My rant is: I can't believe that it's normal for cats when you are feeding them well and giving them the absolute best of care and love for them to develope these conditions. What are we doing wrong? I ask the vet and she said "Nothing, he had a very good life, he was lucky to have such caring owners". So, I'm thinking about it and I've come to the conclusion that everthing we do to our cats is abnormal. We "fix" them [changing forever the hormonal balance they evolved with], we keep them indoors, we don't allow them to hunt, or fight or procreate. Maybe they need a substitute for their normal cat behaviour and lifestyle for them to be able to achieve their optimum health.

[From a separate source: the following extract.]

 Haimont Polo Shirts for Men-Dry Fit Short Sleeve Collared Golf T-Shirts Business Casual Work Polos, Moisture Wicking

I'm thinking "Why should they so easily get clots?" Cats have extrodinary recovery abilities from trauma. They can get into terrible fights and be wounded terribly and recover much more rapidly than you would think. They can survive falls from great heights. They truly have nine lives. What if, in taking them away from their rough and tumble evolved lifestyle we're short circuiting their bodies defenses and they work against themselves.

If anyone has an opinion or insight into "alternative" [but safe] lifestyles for kitties I would appreciate advice before we go out and get ourselves a couple of kittens. I miss Tigger. I'm a close to home person, so is Karen, we must have interacted with Tigger a hundred times a day. It leaves too big a hole when they leave far before their time.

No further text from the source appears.